▶ Data excerpts
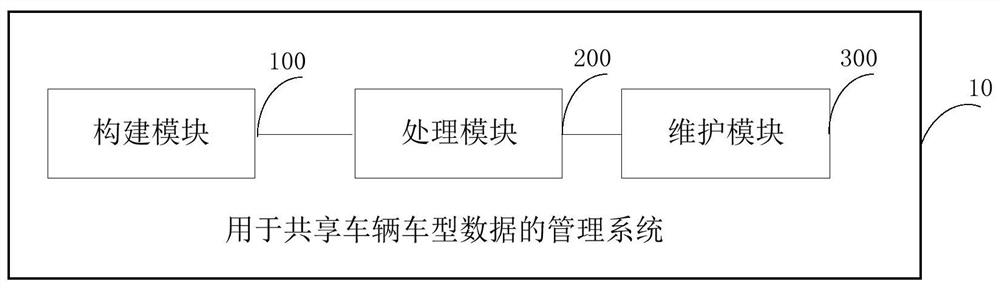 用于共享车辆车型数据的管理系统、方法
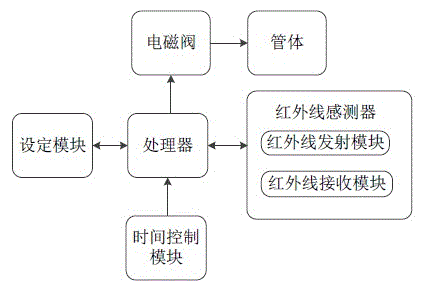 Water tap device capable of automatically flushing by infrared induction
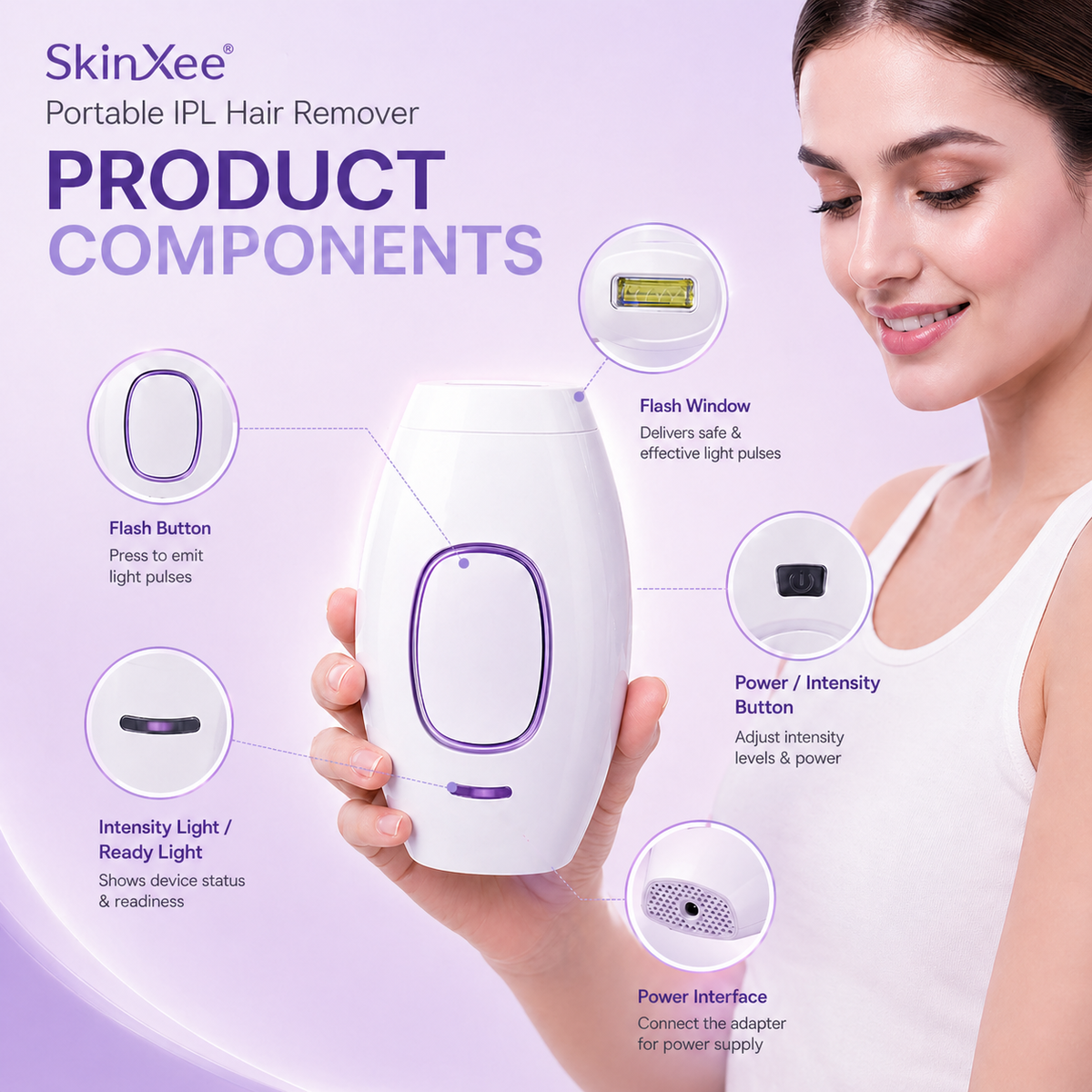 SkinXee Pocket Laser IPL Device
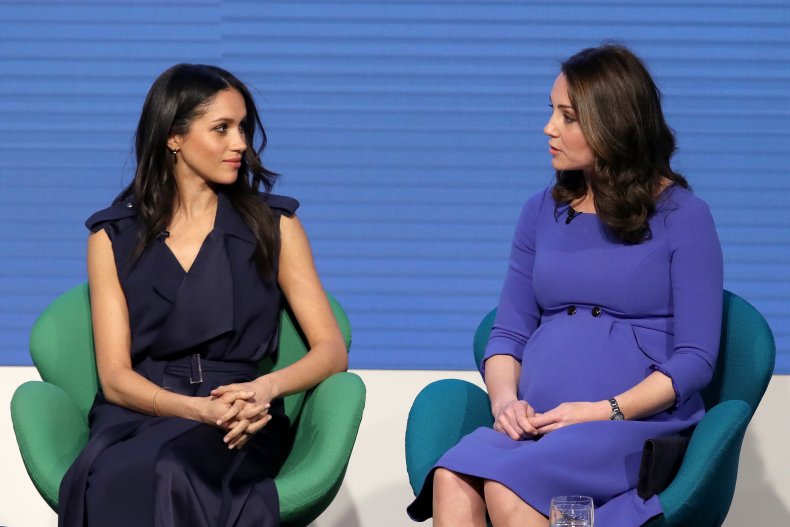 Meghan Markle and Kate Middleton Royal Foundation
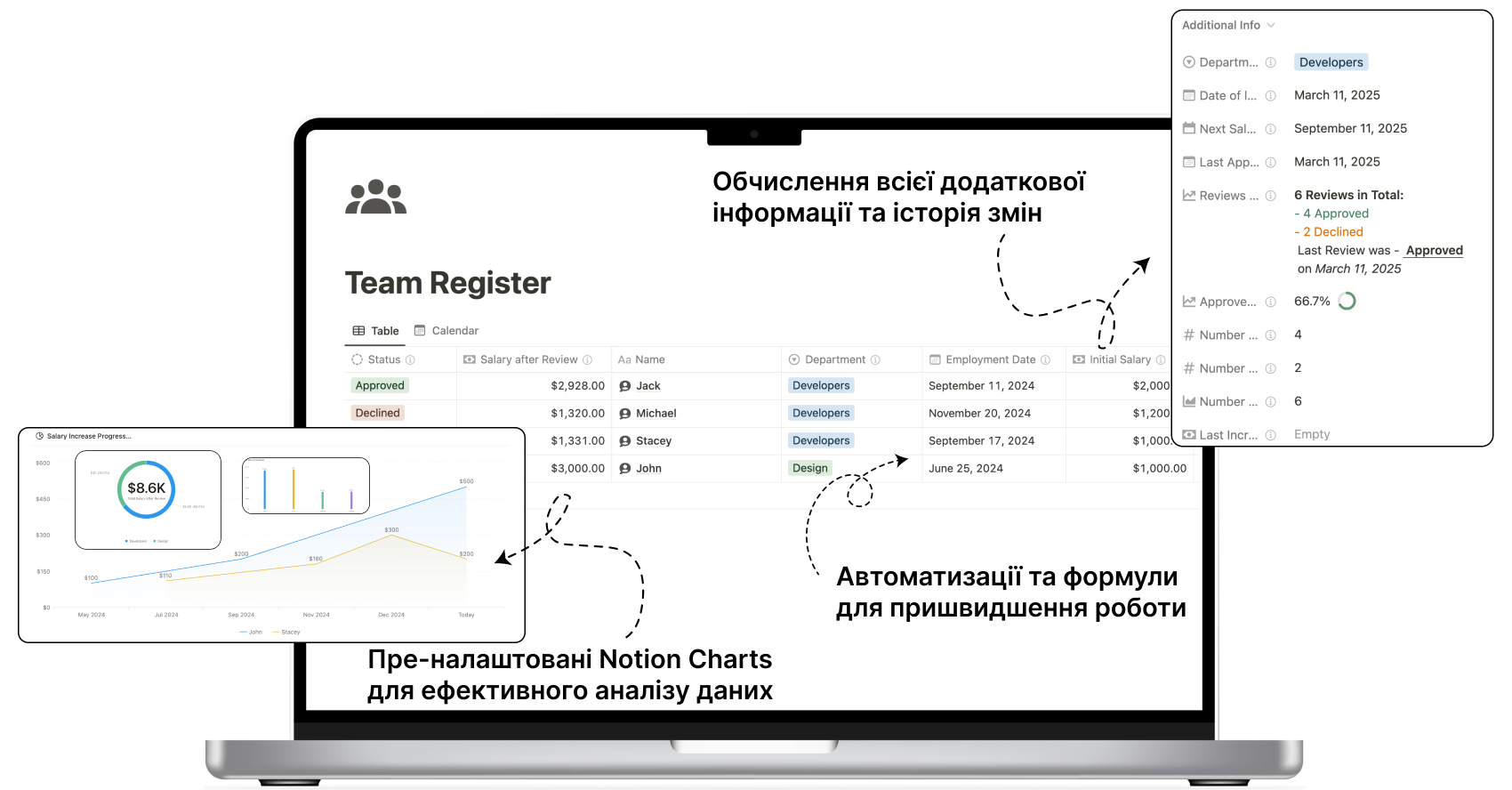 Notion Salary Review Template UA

▶ What you have to do
Every line above needs to be written out again as it stands. Pictures do not belong in the copy.

▶ Answer for the task
 用于共享车辆车型数据的管理系统、方法
 Water tap device capable of automatically flushing by infrared induction
 SkinXee Pocket Laser IPL Device
 Meghan Markle and Kate Middleton Royal Foundation
 Notion Salary Review Template UA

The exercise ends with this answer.